Speaking of the TCFlogger, though, his latest entries have been bringing out the photoblog side of his personality. Not surprising, since Vancouver's enjoying a mild spell that renders it pretty photogenic at this time of year. Sure, he's still flogging, but at least it hasn't quite descended to the same level as Jeremy's. And the photos are actually kinda cute, especially the "Sad Scotty" doll.

This is the type of detail that national political blogs should be showing us. The photos aren't necessary to sell the Tory platform or Harper as leader, but they portray the little details of the campaign that mainstream media can't report on.

I do believe the TCFlogger is starting to get it. I'm less sure about Jeremy Hunt.

Paul Martin's Sovereigntist Thinking

Last night I decided to work on some personal projects, instead of watching the debates. Based on the news reactions and subsequent coverage, I gather I didn't miss much.
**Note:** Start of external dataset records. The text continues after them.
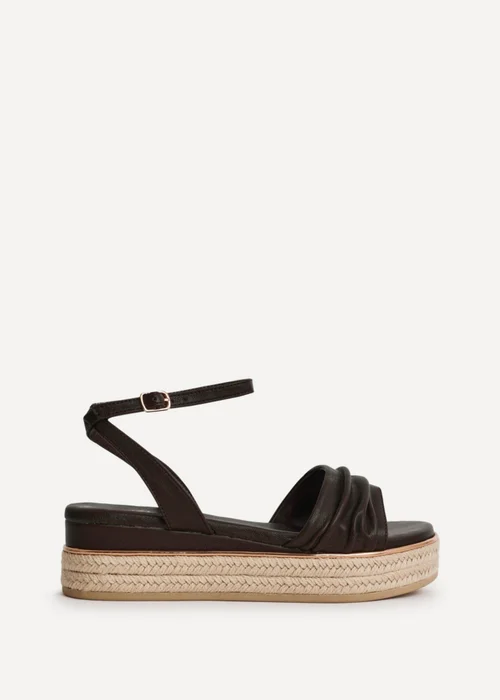 Linzi Dazed Brown Faux Leather Flatform Sandals - 4 Image 2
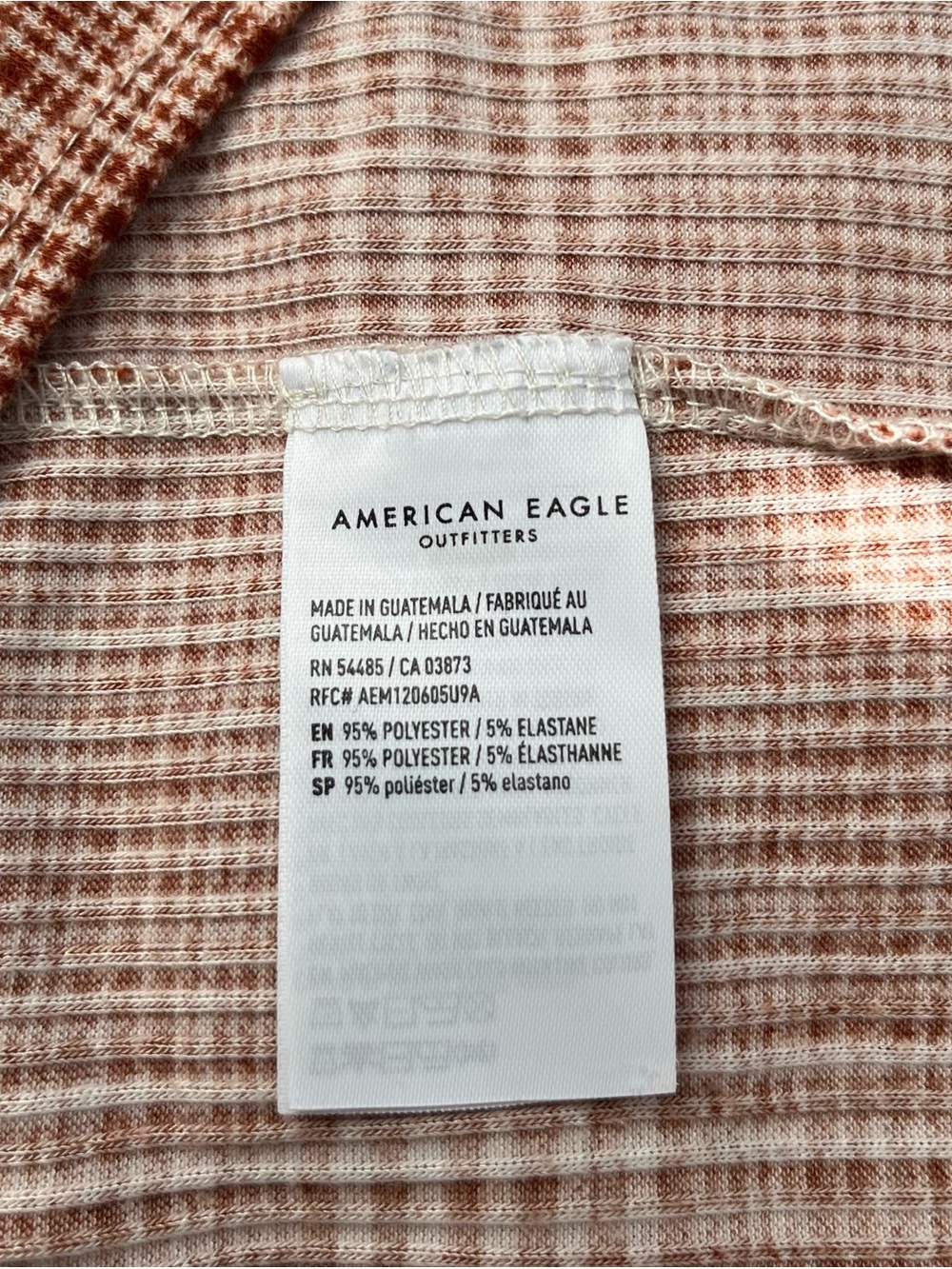 American Eagle Outfitters Rust & White Plaid Lettuce-Edge Crop Top - Picture 7 of 7
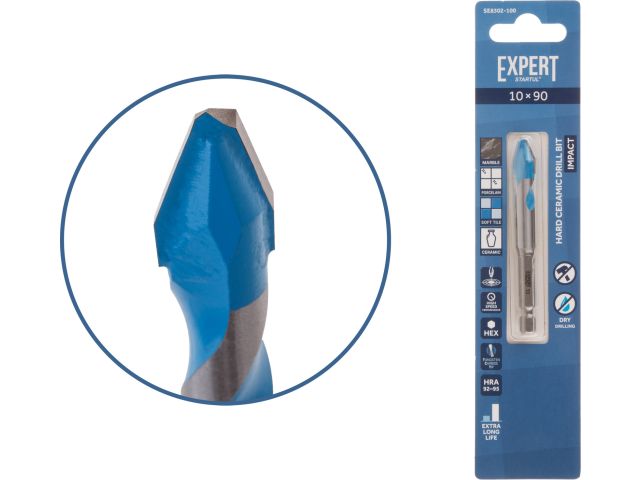 Сверло по керамограниту 10x90 мм EXPERT STARTUL (сухое сверление)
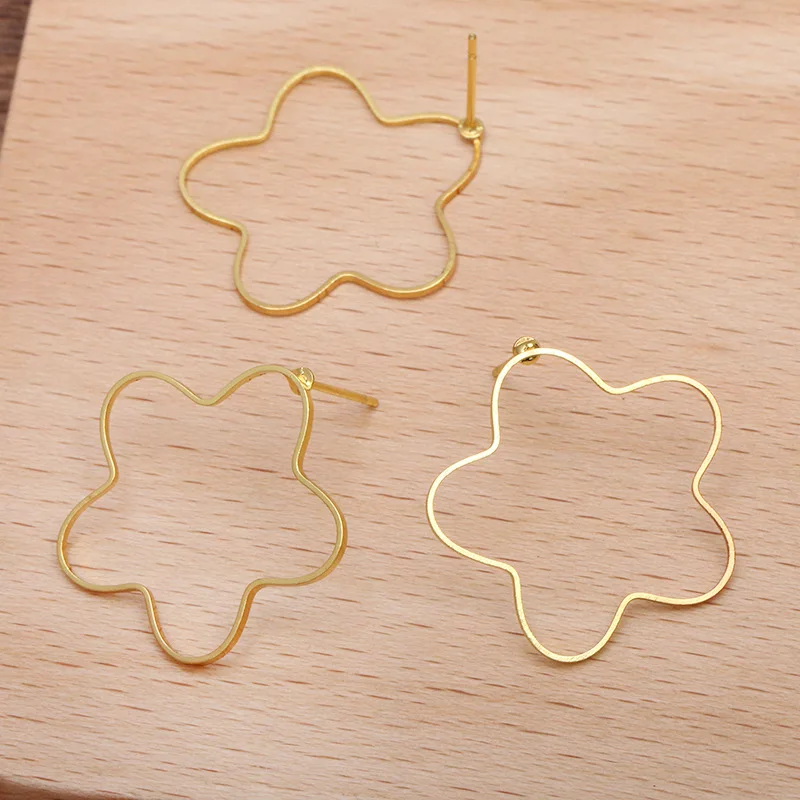 50 шт. металлическая медная Геометрическая Серьга золотая серьга-гвоздик с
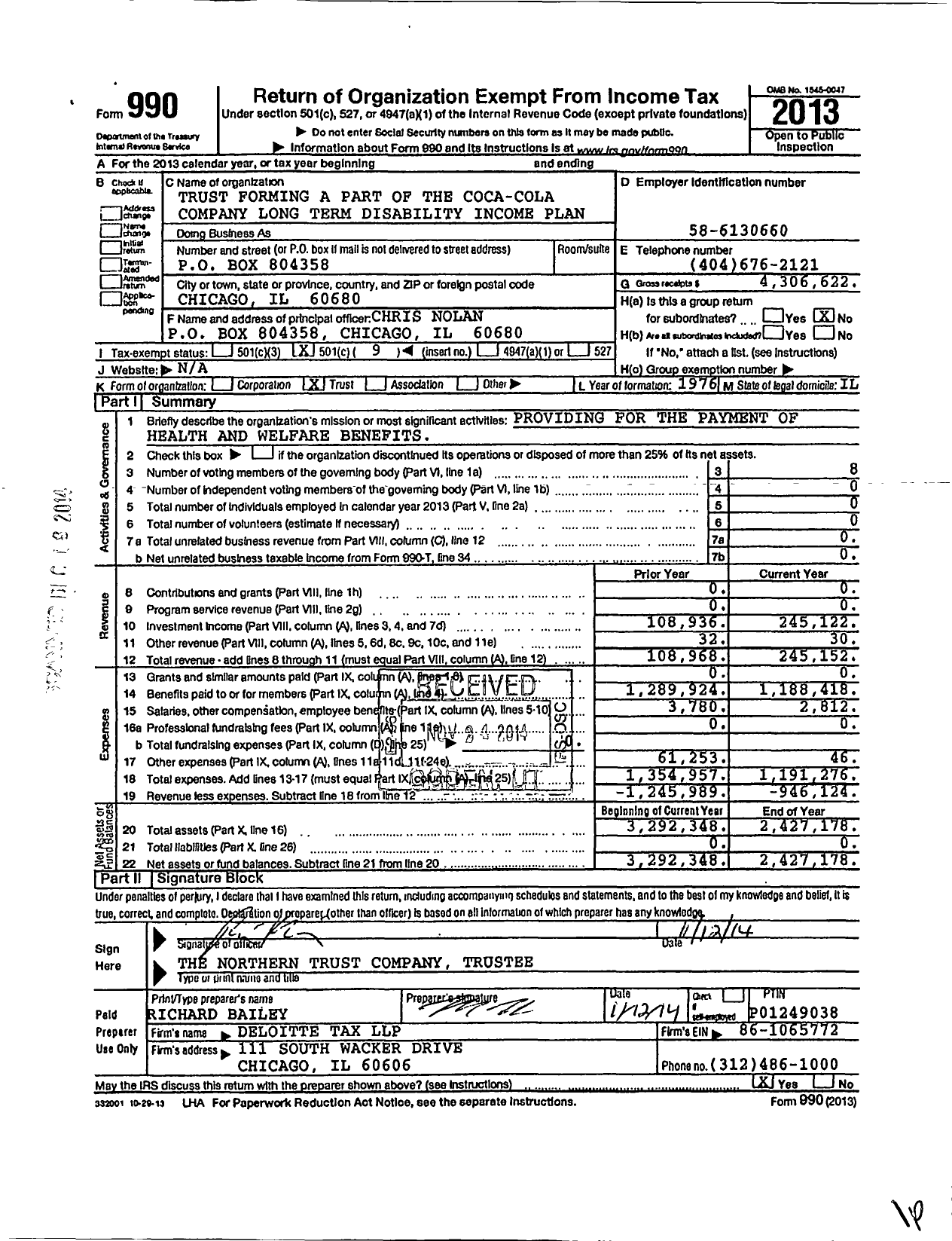 Image of first page of 2013 Form 990O for Trust Forming A Part of Coca Cola Company Long Term Disability Income Plan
However, I was struck by Paul Martin's attempt to defend Canadian integrity in front of BQ leader Gilles Duceppe. While it might have been passionate, it shows everything that's wrong with the current Liberal line on Canada-Quebec relations.

Here's what Martin said:
Let me say also that I am a Quebecer, and you are not going to take my country away from me with some trick, with some ambiguous question ... This is my country and my children were born and raised in Quebec, and you're not going to go to them and say that you're going to find some backdoor way of taking my country or dividing Quebec family against Quebec family.
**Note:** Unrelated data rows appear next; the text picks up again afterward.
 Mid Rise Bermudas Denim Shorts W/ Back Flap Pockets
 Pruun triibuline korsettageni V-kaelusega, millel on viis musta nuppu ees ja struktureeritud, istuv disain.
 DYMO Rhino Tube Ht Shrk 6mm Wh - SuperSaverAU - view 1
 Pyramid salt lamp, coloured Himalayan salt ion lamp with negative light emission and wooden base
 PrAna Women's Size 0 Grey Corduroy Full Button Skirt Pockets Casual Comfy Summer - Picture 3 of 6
We do have an opportunity, and Quebecers understand this, to build a country which is without parallel, and if you take a look at the way that Canada is measuring up in terms of our economy, in terms of the strength of our social programs, in terms of our independent foreign policy, I believe that we do appeal to the deep attachment, the deep love of this country that Quebecers have and you're not going to win, Mr. Duceppe. Let me tell you that.
A defence of Canada that mentions Quebec five times -- and Canada only once. And furthermore, Canada is only mentioned near the end of his defence.
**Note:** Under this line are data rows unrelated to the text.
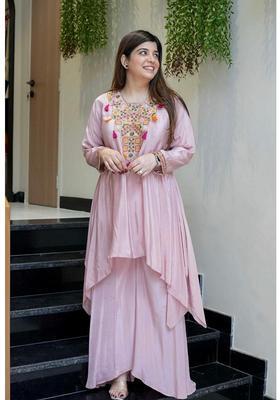 Pink Embroidery Silk Palazzo Set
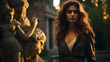 Beautiful Italian woman with model looks, taking an evening stroll in a historic park with ancient statues.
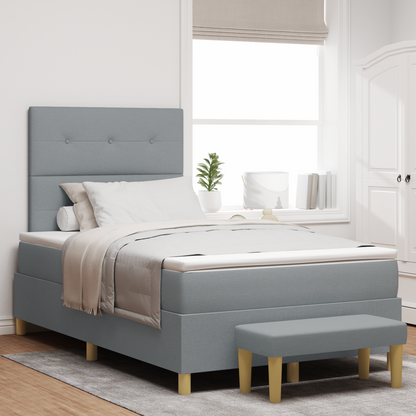 Box Spring Seng Med Madras Lysegrå 120 X 200 Cm Stof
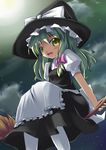  blonde_hair broom broom_riding full_moon green_eyes green_hair hat kirisame_marisa kuro_(be_ok) long_hair moon pantyhose sidesaddle sky solo touhou witch_hat 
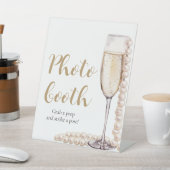 Elegante gouden parels en Prosecco Photo Booth tek Reclamebord Met Voetstuk (Insitu)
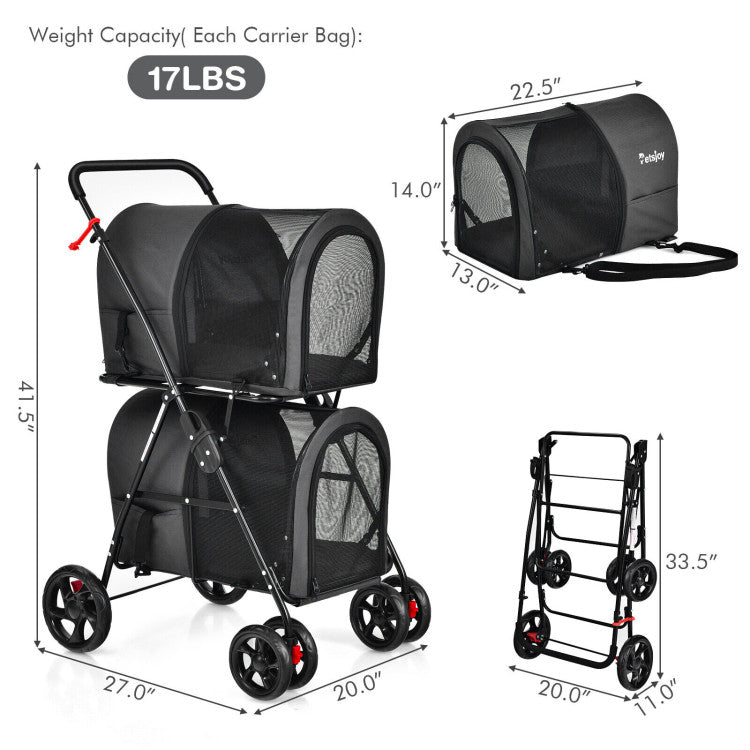 4-in-1 Multifunctional Double Pet Stroller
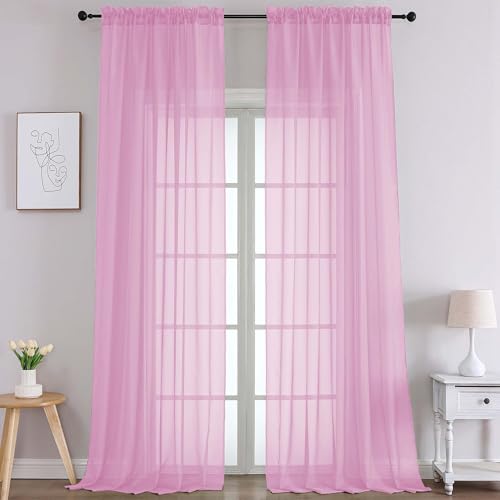 Extra Long Pink Sheer Curtains 108 Inches Long 2 Panels (Pink / 59"W x 108"L (Pack of 2))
What I find irritating about this line is that in trying to speak to Duceppe as a fellow Quebecer, Martin has in effect ignored his identity as a Canadian. Martin's statement falls into the mindset that Quebec sovereignty is to be decided by Quebeckers alone, a mindset not shared by most federalists.

So what would have been a better line to take? A line that would have rendered Gilles Duceppe speechless, or at least sputtering. A line that would have began as:

"Mr. Duceppe. You are Canadian. I will not let you destroy your country with with some trick, with some ambiguous question. Your children were born Canadian and raised as Canadians, whether you want to admit it or not. For the virtues of Quebec are the virtues of Canada and can be found in all Canadians. Are you going to tell your children that their neighbors are no longer neighbors?"

The best way to deal with the sovereignty question, at this stage of the game, is to introduce a completely new mindset. That's something that Paul Martin can't learn in six weeks.